It might be expected that supporters of the Chinese Nationalist Party (KMT) would be pleased to see so many candidates competing in the party’s presidential primary, but the situation is not so simple. KMT supporters are more likely to feel anxious, given the intensified wrangling between KMT Chairman Wu Den-yih (吳敦義), Hon Hai Group chairman Terry Gou (郭台銘) and Kaohsiung Mayor Han Kuo-yu (韓國瑜).
These prominent figures have churned up grassroots support, causing a web of faultlines throughout the party base.
Without Wu, who is infamous for his U-turns, the primary would have been a traditional competition between Wu, former New Taipei City mayor Eric Chu (朱立倫) and KMT Legislator Wang Jin-pyng (王金平), and the nomination process would have been as smooth as it has been in the past.
Instead, it has turned into a mess. This applies only to the party’s internal affairs and does not take into account the influence of the Chinese Communist Party, an external factor rarely absent in Taiwanese elections.
People might wonder what difference it makes, as long as the candidates are members of the KMT.
However, there is a clear line of demarcation from previous primaries. If the competition were a typical one among party elites, it would develop mainly in accordance with considerations over who showed the most competence to draw votes across groups based on categories such as gender and ethnicity.
Competitions such as this are highly predictable.
However, this year is completely different, as the pattern has been disrupted. While the “Han wave” — a surge of public support for Han prior to his win in Kaohsiung on Nov. 24 last year — is still strong, sweeping away traditional political elites, Gou on April 16 took advantage of Matsu mania amid pilgrimages for the goddess of the sea. At one point, Gou’s popularity seems to have diluted and overwhelmed Han’s.
However, despite Han and Gou sharing surface similarities — both are descendants of Mainlanders, their political careers are not particularly prominent and they are both at least 60 years old, which probably makes them seem similar — the days since their bids were announced have made it clear that Han and Gou draw different crowds representing completely different parts of society.

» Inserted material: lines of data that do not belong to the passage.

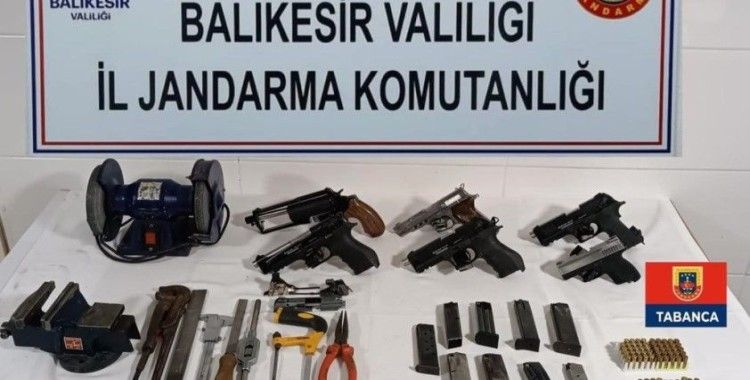 Jandarmadan kaçak silah imalatına operasyon
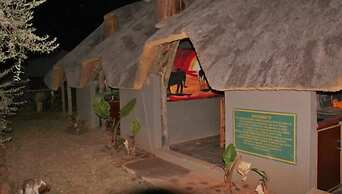 Emahlathini Guest Farm
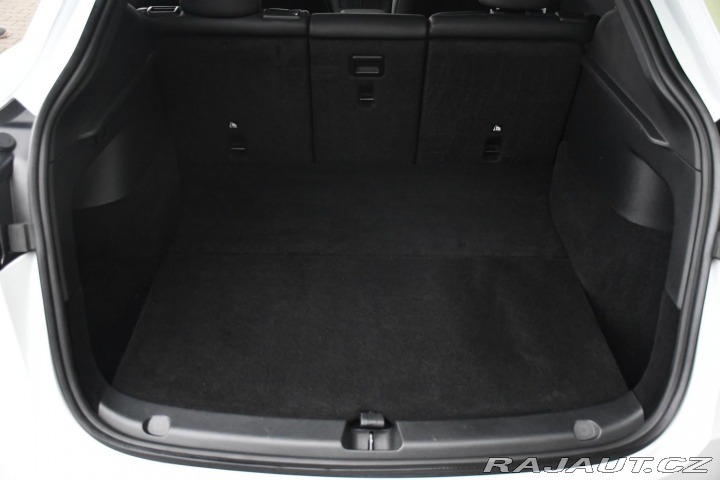 Tesla Model Y STANDARD RANGE 1M SoH 96% 2023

“Generation” and even “class” have become the categories that set supporters of Han and Guo apart.
Try to imagine the following scenario: The pan-blue camp is divided by opinions on localization and then divided according to preferences among female voters. Then the issues of a candidate being down-to-earth and popularity among young people divide the party twice more.
Speech styles — with Han appropriating the image of a traditional market vendor and Gou being chairman of a conglomerate — divide supporters into even smaller groups.
With one cut following another, the pan-blue camp is finding itself diced and disintegrating.
The KMT faces disintegration due to the intense power struggle, while external forces are also adding fuel to the flames.
Han’s road to pursuing the presidency next year was clearly marked. His visits to Malaysia and Singapore in late February were the first step; his trip to Hong Kong, Macau, Shenzhen and Xiamen late last month was his China pilgrimage; while his visit to the US in the name of academic exchange this month was essentially to test the waters. Surrounded by his ardent supporters, Han appeared to be riding the crest of his own wave.
However, on April 12, Han proposed that Taiwan should rely on “the US for national defense, Japan for technology, China for the market and itself for hard work” at a closed-door seminar at Harvard University. The slogan was an unexpected turning point, arousing Beijing’s anger and crossing its red line.
Curiously, Gou the next day responded to Han’s bullet-point statement on Facebook, saying that “Taiwan should rely on peace for national defense.”
Attending an event hosted by the American Institute in Taiwan on April 15, Gou clarified his comment by saying that the US is not a reliable partner for Taiwan’s national defense, bewildering many.
Having seized the spotlight for three days, Gou showed his cards by announcing that he was to participate in the KMT primary and would not accept direct recruitment by the party headquarters. The move suggests that Gou was attempting to put an abrupt end to the “Han wave” before the Kaohsiung mayor could return from the US.
China’s response to Gou throwing Han into disarray was upbeat. Its hawkish mouthpiece, the state-run Global Times, published an editorial on the night of Gou’s announcement, saying that if he were to be elected as leader of the “Taiwan area,” cross-strait tensions would be alleviated and it would probably be a significant turning point that improves the cross-strait situation in the short run.
The opinion piece differed drastically from a warning issued by China National Radio, another hawkish Chinese state-run mouthpiece, which said that Han should face disciplinary action for his Harvard statement.
China will never stop pushing communism and authoritarianism, and Beijing’s influence certainly slices another chunk off the pan-blue camp.
Chinese sage Lao Tzu (老子) wrote: “To govern a big state is akin to cooking small fish.”
Curiously enough, putting the Chinese characters for Wu, Gou and Han together gives the Chinese word for a species of tilapia.
They certainly are small fish in this scenario. It might be best if they stayed away from the flames.
Tzou Jiing-wen is editor-in-chief of the Liberty Times (the Taipei Times’ sister newspaper).